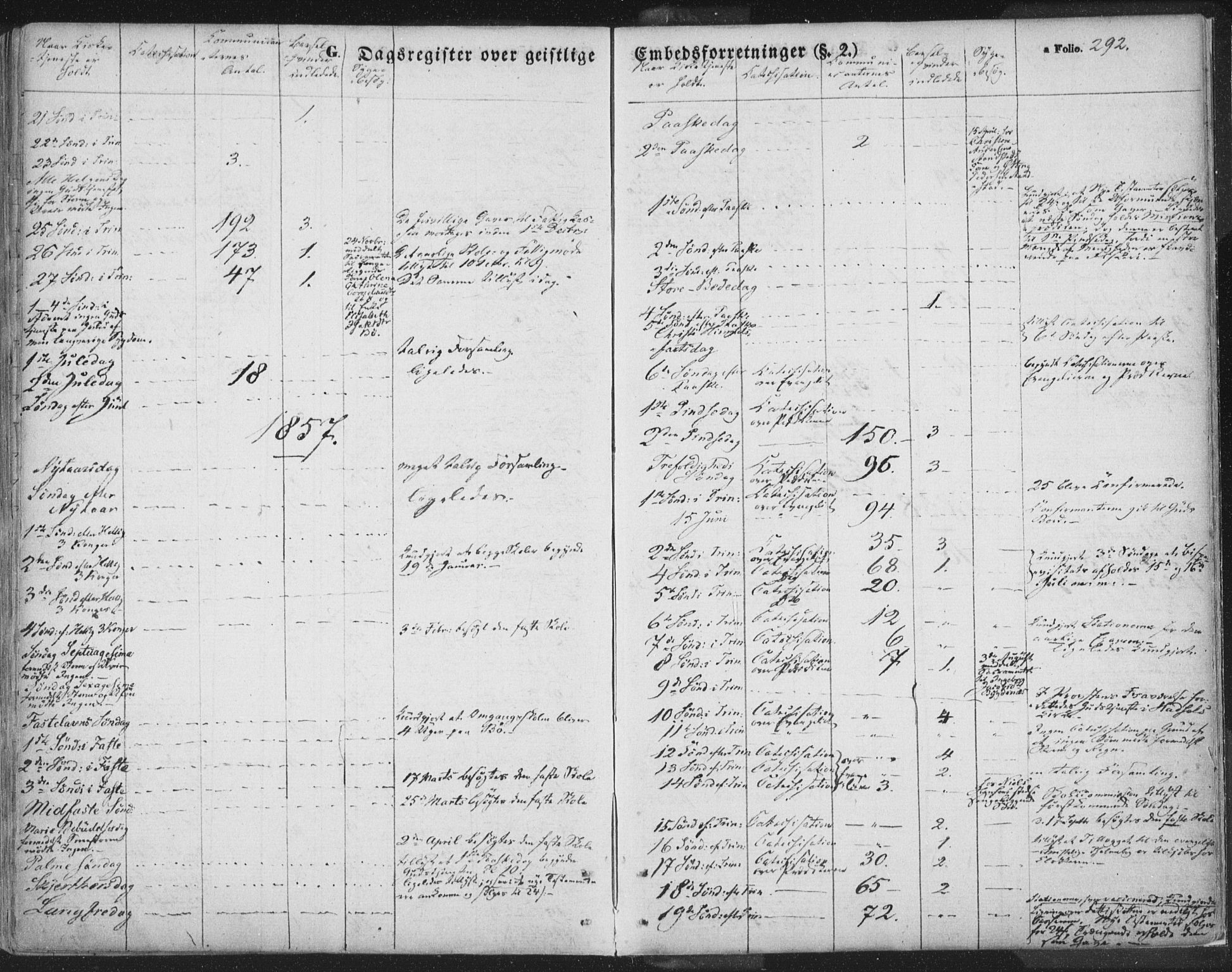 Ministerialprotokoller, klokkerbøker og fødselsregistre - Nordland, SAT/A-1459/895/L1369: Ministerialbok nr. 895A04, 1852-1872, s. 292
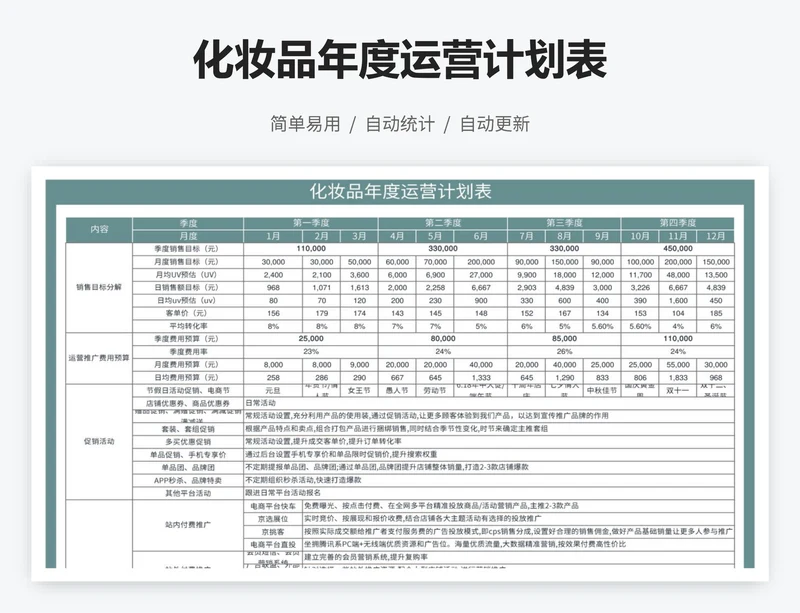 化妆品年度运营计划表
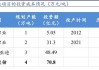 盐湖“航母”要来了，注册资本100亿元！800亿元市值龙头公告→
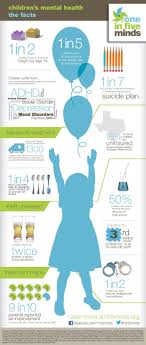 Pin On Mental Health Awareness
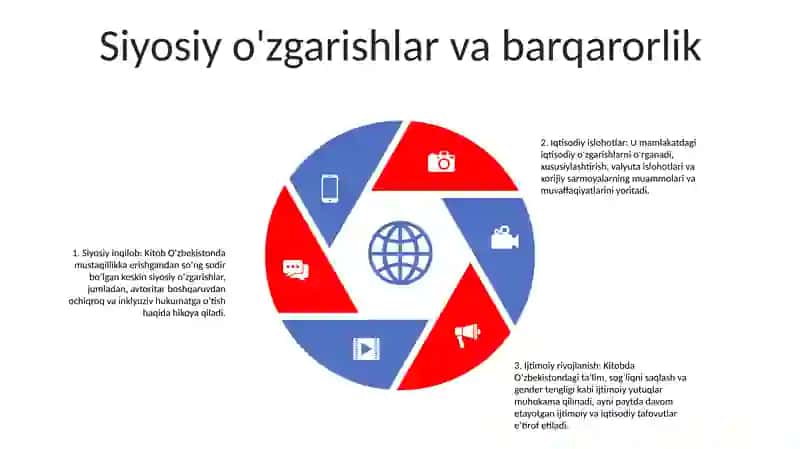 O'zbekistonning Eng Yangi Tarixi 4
········
Could the material above be written out again word for word, with the pictures dropped?

 Ministerialprotokoller, klokkerbøker og fødselsregistre - Nordland, SAT/A-1459/895/L1369: Ministerialbok nr. 895A04, 1852-1872, s. 292
 化妆品年度运营计划表
 盐湖“航母”要来了，注册资本100亿元！800亿元市值龙头公告→
 Pin On Mental Health Awareness
 O'zbekistonning Eng Yangi Tarixi 4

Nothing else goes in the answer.